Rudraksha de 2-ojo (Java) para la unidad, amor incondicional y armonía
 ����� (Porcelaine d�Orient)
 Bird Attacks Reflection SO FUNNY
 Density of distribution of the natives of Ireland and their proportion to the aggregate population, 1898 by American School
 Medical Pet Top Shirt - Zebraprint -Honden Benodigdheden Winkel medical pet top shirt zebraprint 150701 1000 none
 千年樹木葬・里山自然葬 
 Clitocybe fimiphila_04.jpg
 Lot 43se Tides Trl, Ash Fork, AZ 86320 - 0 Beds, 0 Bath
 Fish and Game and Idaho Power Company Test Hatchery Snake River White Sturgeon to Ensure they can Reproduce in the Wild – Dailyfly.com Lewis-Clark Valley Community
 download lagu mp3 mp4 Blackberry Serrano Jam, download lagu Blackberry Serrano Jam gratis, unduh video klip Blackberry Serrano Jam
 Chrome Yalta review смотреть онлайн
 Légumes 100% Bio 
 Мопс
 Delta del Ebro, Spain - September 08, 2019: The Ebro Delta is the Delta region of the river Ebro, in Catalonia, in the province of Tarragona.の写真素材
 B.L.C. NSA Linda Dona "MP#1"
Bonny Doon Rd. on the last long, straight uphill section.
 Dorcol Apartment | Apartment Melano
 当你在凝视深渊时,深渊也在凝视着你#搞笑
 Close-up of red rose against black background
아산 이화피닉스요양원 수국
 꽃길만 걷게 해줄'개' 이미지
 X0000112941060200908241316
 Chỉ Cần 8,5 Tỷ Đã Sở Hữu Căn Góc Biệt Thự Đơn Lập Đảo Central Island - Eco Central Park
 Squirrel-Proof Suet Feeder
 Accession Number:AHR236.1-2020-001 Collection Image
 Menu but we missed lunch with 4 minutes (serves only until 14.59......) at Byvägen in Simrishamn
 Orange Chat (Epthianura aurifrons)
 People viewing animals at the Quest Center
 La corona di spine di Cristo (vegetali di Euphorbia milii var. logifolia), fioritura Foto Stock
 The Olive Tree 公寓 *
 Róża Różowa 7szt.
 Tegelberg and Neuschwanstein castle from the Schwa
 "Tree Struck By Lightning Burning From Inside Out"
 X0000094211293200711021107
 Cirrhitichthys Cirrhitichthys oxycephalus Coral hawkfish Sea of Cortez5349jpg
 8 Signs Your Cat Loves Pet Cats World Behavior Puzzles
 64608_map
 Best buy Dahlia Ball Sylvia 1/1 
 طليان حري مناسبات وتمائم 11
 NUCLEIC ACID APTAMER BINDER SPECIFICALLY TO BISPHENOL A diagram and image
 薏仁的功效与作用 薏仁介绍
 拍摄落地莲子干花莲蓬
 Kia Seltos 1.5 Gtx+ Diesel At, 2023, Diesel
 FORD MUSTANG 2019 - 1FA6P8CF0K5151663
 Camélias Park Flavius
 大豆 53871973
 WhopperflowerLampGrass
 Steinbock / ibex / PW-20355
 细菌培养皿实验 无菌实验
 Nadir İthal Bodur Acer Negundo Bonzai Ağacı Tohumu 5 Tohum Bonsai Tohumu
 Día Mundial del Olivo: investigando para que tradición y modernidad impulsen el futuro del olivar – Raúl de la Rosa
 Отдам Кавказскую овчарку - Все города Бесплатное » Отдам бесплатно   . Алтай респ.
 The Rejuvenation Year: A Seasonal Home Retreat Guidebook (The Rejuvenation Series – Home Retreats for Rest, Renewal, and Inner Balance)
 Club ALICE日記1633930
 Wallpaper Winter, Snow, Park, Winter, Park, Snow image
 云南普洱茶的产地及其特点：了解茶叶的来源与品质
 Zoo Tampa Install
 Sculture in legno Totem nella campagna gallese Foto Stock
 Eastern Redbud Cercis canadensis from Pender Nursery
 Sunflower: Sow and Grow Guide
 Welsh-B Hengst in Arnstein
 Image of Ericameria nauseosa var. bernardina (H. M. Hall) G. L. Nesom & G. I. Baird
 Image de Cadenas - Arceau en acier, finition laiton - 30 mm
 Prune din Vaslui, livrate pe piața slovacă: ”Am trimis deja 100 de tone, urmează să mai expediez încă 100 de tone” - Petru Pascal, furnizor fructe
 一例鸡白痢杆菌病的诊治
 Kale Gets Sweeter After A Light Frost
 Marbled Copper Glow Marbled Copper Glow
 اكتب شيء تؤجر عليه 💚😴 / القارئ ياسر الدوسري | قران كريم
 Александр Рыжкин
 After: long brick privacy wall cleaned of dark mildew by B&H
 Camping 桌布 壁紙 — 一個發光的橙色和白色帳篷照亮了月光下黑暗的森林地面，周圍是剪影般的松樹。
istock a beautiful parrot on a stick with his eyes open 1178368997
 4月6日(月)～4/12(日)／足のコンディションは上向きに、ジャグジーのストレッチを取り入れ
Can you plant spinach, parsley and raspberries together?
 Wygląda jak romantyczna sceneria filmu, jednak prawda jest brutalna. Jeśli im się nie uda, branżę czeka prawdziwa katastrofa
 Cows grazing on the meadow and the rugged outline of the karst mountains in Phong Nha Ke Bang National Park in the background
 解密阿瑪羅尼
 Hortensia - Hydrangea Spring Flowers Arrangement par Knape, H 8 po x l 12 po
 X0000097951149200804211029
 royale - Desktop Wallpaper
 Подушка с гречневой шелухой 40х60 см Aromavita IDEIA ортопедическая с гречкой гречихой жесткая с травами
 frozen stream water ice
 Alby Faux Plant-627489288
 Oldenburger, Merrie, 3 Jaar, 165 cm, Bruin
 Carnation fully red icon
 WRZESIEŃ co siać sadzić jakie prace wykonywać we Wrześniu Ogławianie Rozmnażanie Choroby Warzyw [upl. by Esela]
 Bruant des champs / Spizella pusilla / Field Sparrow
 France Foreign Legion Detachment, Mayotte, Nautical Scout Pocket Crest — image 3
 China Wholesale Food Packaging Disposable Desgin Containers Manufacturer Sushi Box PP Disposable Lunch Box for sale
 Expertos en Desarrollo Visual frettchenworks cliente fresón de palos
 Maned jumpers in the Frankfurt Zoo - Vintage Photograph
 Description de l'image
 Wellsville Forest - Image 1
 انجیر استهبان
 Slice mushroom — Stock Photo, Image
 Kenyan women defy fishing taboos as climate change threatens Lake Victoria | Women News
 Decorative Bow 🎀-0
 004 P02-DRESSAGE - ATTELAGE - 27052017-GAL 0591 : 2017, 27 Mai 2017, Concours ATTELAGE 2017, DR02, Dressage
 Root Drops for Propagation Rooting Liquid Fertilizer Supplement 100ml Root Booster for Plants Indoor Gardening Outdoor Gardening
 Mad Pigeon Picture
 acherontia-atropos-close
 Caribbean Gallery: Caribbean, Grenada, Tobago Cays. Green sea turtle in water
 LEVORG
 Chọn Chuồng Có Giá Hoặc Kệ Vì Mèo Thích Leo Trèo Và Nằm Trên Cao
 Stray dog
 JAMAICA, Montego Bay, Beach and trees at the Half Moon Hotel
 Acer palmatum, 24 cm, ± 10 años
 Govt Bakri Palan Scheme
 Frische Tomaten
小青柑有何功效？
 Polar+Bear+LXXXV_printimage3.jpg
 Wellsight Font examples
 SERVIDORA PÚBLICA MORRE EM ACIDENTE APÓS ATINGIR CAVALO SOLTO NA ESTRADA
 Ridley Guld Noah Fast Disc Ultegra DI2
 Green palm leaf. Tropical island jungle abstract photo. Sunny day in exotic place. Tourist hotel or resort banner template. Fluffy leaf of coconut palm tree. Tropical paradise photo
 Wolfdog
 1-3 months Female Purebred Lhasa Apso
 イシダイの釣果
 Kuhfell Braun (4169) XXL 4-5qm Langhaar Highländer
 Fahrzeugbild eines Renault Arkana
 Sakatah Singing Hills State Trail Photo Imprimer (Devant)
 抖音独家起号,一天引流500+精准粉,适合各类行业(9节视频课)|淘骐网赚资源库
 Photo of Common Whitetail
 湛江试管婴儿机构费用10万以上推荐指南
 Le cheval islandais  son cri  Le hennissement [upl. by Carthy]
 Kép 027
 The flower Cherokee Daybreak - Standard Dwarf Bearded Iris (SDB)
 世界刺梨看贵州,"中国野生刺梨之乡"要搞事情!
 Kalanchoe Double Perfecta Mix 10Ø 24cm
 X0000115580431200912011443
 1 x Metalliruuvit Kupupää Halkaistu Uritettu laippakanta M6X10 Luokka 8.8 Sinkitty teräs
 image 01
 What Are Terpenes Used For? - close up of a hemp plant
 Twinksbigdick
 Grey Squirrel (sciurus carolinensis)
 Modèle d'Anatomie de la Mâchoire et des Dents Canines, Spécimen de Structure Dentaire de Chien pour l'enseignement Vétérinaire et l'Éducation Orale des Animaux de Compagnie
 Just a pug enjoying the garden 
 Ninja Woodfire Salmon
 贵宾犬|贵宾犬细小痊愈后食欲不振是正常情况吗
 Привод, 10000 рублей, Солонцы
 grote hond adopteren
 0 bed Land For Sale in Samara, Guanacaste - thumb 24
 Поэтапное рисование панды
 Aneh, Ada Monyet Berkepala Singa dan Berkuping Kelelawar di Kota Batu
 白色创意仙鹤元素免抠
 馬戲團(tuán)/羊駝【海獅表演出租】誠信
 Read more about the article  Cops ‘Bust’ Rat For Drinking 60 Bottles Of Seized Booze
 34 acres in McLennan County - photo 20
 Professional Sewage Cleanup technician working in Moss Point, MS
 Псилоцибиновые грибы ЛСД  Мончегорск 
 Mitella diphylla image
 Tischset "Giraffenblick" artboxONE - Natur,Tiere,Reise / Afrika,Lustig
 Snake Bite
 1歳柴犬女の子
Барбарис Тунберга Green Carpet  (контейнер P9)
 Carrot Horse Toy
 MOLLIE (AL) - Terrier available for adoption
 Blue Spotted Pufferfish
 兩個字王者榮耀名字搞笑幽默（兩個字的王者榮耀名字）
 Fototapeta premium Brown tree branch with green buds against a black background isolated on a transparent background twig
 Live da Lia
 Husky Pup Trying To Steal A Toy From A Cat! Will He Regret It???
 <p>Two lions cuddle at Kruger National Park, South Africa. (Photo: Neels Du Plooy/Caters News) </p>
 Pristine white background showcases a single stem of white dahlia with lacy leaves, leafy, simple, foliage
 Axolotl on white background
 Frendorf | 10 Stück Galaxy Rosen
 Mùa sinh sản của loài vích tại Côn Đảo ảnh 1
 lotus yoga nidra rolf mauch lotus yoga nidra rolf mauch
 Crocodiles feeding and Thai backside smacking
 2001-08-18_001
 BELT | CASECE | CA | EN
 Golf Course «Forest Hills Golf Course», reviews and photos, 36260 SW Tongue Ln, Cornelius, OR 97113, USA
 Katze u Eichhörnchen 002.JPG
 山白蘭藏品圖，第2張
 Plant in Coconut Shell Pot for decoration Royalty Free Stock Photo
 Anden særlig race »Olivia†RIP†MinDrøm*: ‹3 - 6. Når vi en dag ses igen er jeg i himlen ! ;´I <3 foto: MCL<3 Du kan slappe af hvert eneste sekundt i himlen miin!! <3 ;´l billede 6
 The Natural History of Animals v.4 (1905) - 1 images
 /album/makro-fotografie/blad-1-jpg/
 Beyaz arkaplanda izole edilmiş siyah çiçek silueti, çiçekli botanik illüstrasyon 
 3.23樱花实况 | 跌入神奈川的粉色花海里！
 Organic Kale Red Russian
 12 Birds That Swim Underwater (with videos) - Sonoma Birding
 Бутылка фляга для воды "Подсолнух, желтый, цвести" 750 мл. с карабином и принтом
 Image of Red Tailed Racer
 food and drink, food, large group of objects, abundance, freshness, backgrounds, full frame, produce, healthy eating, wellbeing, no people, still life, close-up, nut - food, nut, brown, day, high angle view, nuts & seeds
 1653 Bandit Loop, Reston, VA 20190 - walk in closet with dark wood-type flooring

◆ TASK DETAILS
Print only what lies in the material above starting at the line with "Le cheval islandais" and ending at the line with "Blue Spotted Pufferfish", every line exactly as given.

◆ TASK OUTPUT
 Le cheval islandais  son cri  Le hennissement [upl. by Carthy]
 Kép 027
 The flower Cherokee Daybreak - Standard Dwarf Bearded Iris (SDB)
 世界刺梨看贵州,"中国野生刺梨之乡"要搞事情!
 Kalanchoe Double Perfecta Mix 10Ø 24cm
 X0000115580431200912011443
 1 x Metalliruuvit Kupupää Halkaistu Uritettu laippakanta M6X10 Luokka 8.8 Sinkitty teräs
 image 01
 What Are Terpenes Used For? - close up of a hemp plant
 Twinksbigdick
 Grey Squirrel (sciurus carolinensis)
 Modèle d'Anatomie de la Mâchoire et des Dents Canines, Spécimen de Structure Dentaire de Chien pour l'enseignement Vétérinaire et l'Éducation Orale des Animaux de Compagnie
 Just a pug enjoying the garden 
 Ninja Woodfire Salmon
 贵宾犬|贵宾犬细小痊愈后食欲不振是正常情况吗
 Привод, 10000 рублей, Солонцы
 grote hond adopteren
 0 bed Land For Sale in Samara, Guanacaste - thumb 24
 Поэтапное рисование панды
 Aneh, Ada Monyet Berkepala Singa dan Berkuping Kelelawar di Kota Batu
 白色创意仙鹤元素免抠
 馬戲團(tuán)/羊駝【海獅表演出租】誠信
 Read more about the article  Cops ‘Bust’ Rat For Drinking 60 Bottles Of Seized Booze
 34 acres in McLennan County - photo 20
 Professional Sewage Cleanup technician working in Moss Point, MS
 Псилоцибиновые грибы ЛСД  Мончегорск 
 Mitella diphylla image
 Tischset "Giraffenblick" artboxONE - Natur,Tiere,Reise / Afrika,Lustig
 Snake Bite
 1歳柴犬女の子
Барбарис Тунберга Green Carpet  (контейнер P9)
 Carrot Horse Toy
 MOLLIE (AL) - Terrier available for adoption
 Blue Spotted Pufferfish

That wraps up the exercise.